How to take advantage of the Caribbean’s Underwater World
The water is an important part of life in the Caribbean, and you’re never far away from some kind of activity that involves getting your feet wet.
From diving and snorkelling, to boat trips and watersports, there’s plenty to keep you entertained in the region’s rich, warm waters. Teeming with life, you can see everything here from the smallest dot of plankton glinting red in the sunlight, to vast gentle giants dancing gracefully amid the waves.
Here are our Caribbean Experts hand-picked recommendations for taking advantage of the turquoise waters of each island…
Glass bottom boats in Barbados
Glass bottom boat trips have become almost a staple for any visitor to Barbados, and for good reason. Unlike the livelier catamaran trips, they’re uncrowded, peaceful and shared with just a handful of people. Gliding over coral-covered floors, long-sunken ship wrecks and colourful marine life, this is a great way to discover the underwater world without getting wet. Many of these small craft have snorkel gear on board and the charismatic captains are more than happy to stop if you spot a turtle or two. With such a small group on board, this means that the turtles aren’t overwhelmed and promises a respectful, calm experience for these beautiful creatures.
Dive sites and Whale Sharks in Mexico
When it comes to dive sites, Mexico has some of the best in the world. Found just off the eastern coast of the mainland, the tiny island of Isla Cozumel is home to a protected marine park offering unparalleled wall dives, vast canyons that drop hundreds of metres to the ocean floor and huge sea arches and caves which gape invitingly, providing the perfect opportunity for a swim-thru. Each of the many sites is blessed with unbelievable visibility, making these waters fantastic for both first timers and more experienced divers.
Further offshore, you can take part in what is undoubtedly one of the most enchanting experiences you can have beneath the ocean waves – a swim with the whale sharks. Vast, gentle creatures, the coast of Mexico has one of the highest seasonal populations of whale sharks in the world, found in the warm waters beyond Quintana Roo’s northernmost island between June and September. Accessible to almost everyone, you don’t need to be a diver to experience these graceful giants in the wild, and there are plenty of snorkelling options available.
Sea Cows in Cuba
Cuba is the jack-of-all-trades when it comes to water-related activities. Found at the entrance of the Gulf of Mexico, it’s wrapped by the warm waters of the Caribbean to the south and the Atlantic to the north, making it a fantastic place to experience a rich variety of sea life. Sitting on a vast continental shelf, the archipelago is surrounded by coral reefs where sharks, rays, dolphins and sea turtles can all be seen amid the colourful flashes of tropical fish, and in some areas, you may even find yourself face to face with rare manatees, more affectionately known as sea cows.

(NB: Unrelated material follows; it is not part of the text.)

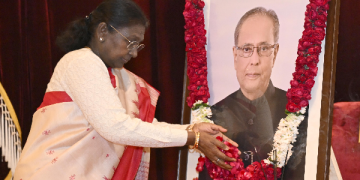 President of India pays floral tributes to Pranab Mukherjee on his birth anniversary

Ship wrecks and Marine Parks in Antigua
Of the more famous islands in the Caribbean, Antigua is best known for snorkelling. With pure white sands, calm clear seas and a swathe of coral surrounding the island, there are a variety of places to get out and experience the diverse marine life. If you’re a confident swimmer, you can even head out independently from the beach. Part of the Cades Ba Marine Park, Cades Reef is one of the most popular snorkelling sites in the Caribbean. Carlisle Bay East, Deep Bay’s ship wreck and Darkwood Beach are also among the island’s more popular spots, while Great Bird Island Beach is a favourite among nature lovers. Here, you’ll not only find fascinating underwater life, but ashore, you’ll discover plenty of unusual bird and reptile species.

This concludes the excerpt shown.